Post

Belki Şehirlerimize Bir Barış Gelir

Dünyada büyük bir değişim oldu ve büyük imparatorluklar dönüşerek ulus devletler yarattı. Bizim coğrafyamızda da bu böyle oldu ve Osmanlı İmparatorluğu, Türkiye Cumhuriyeti olarak bir tür ulus devlete dönüştü. Ülkeler değişti, sınırlar değişti, idari mekanizmalar değişti ve nüfus yapıları değişti. Yenilikler yapmadığında geriye düştüğünü gözlemleyen ülkelerin hepsi, bu değişimleri dikkate aldılar. Örneğin merkezileşme eğilimi önceki zamanlara oranla esas teşkil etmeye başladı. Buna göre vergi toplanıyor ve askeri sistem buna göre düzenleniyordu.

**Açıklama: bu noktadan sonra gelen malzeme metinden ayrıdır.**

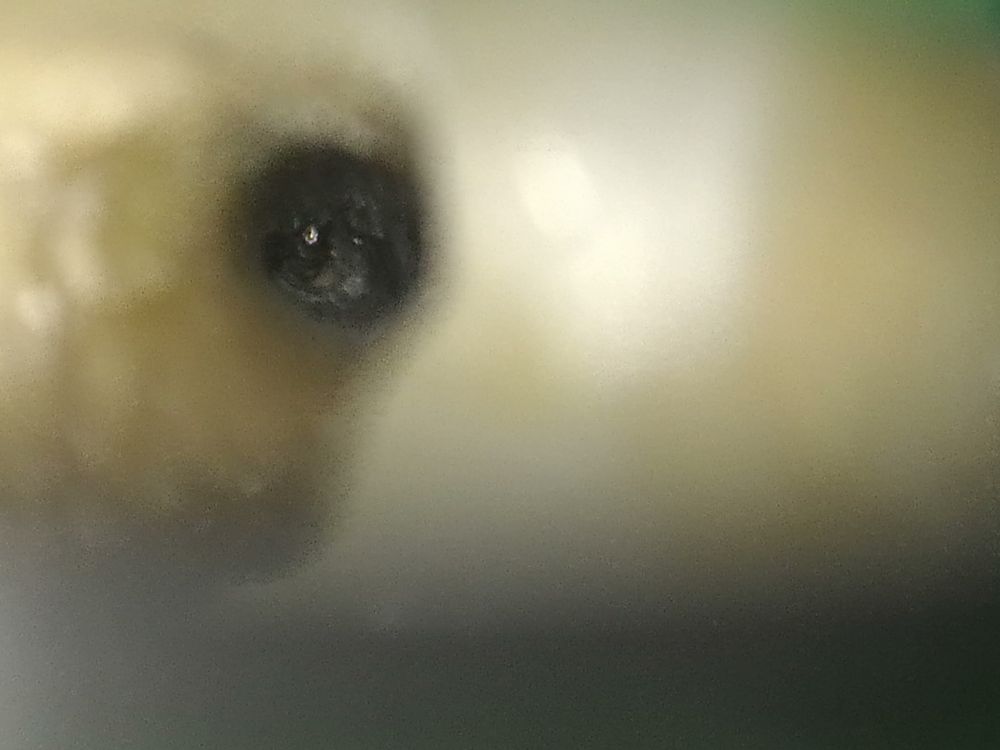 顯微鏡最高倍率下看到的分離器械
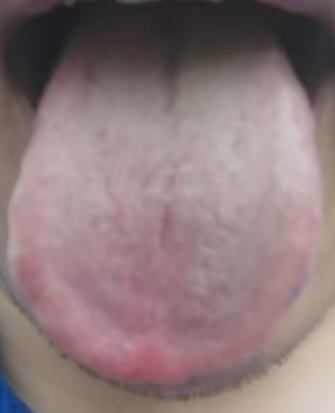 补足下焦元气，滋养海绵体根本






很多伤精多年的男士朋友们也在努力坚持戒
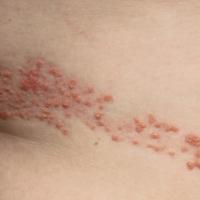 Same patient as previous image
Image copied with…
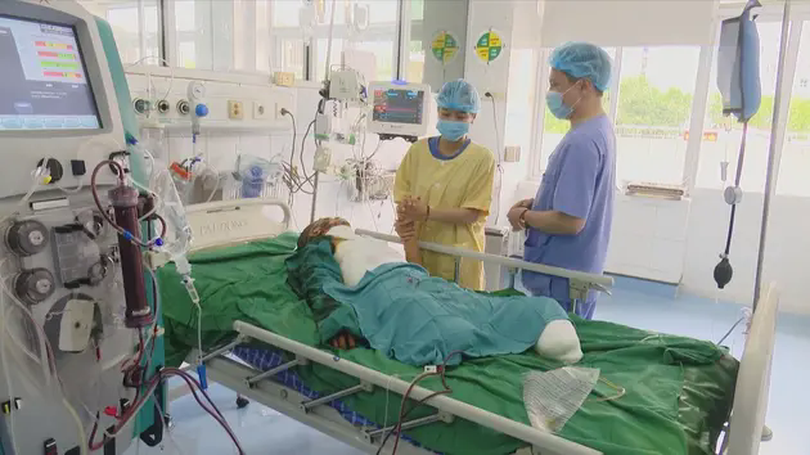 Cảnh báo thực trạng bỏng điện cao thế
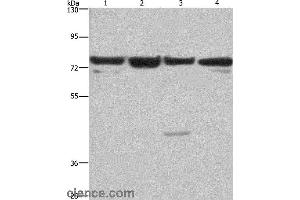 Western blot analysis of HUVEC, NIH/3T3, Hela and 293T cell, using KLF11 Polyclonal Antibody at dilution of 1:350 (KLF11 抗体)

Önceki zamanlara oranla bu devasa değişimler sorunlar yaratmaz mıydı? Yaratırdı elbette. Eskiden hiç sorun olmayan etnik ve dini farklılıkların, dönüşüm yaşandıktan sonra nasıl ele alınacağı bir sorundu artık örneğin. Eskiden merkezin yanı sıra var olan sancaklar, mirlikler ve beylikler artık böyle devam etmemeli diye düşünülüyordu.

Yenileşme hareketleri ve buna bağlı olarak yaşanan merkezileşme, bütün bu çetrefil konuların başlangıcı kabul edilebilir. Osmanlı’nın dağılışı sürecinde, Osmanlı toplumu olmak düşünüldü, Müslüman ümmeti olmak da düşünüldü ve en sonunda sadece Türk milleti kimliğine sahip olma noktasına gelindi. Dikkat edilirse bir tarihsel süreç içinde imparatorluk ve ulus devlet yöneticilerinin kendisi de bu tartışmayı her düzeyde yürütmüş durumda. Kürt meselesinin nesnel kökleri burada. Kürt realitesi ve buna bağlı olan meseleler çok uzun zamandır gündemimizde.

Yıllardır süren meselenin tarafları şimdi bir araya gelip görüşmeler yapabilir duruma geldi. Kimler görüşür, sorunu yaşayan taraflar görüşür doğal olarak. Görüşme olacakken “ama sorun yaratmışlardı” denilerek geri durmak mümkün değil. Görüşme, barış ya da ittifak sonuç olarak çekişme yaşayan güçlerin bir masaya oturup anlaşmasıdır, çünkü anlaşmaktan başka çare yoktur.

Bütün bunlara bağlı olarak, Öcalan’ın çağrısı bir silah bırakma, barış, demokratik toplum ve siyaset çağrısıdır. Kürt meselesiyle ilgili bütün yaşananlardan ve tarihsel gelişmelerden sonra bu yapılabilirdi ve yapıldı. Bu ilerleme sağlamak üzere atılan bir ilk adımdır ve olumludur. Bütün meseleyi tamamen hallet ya da reddet denilemez.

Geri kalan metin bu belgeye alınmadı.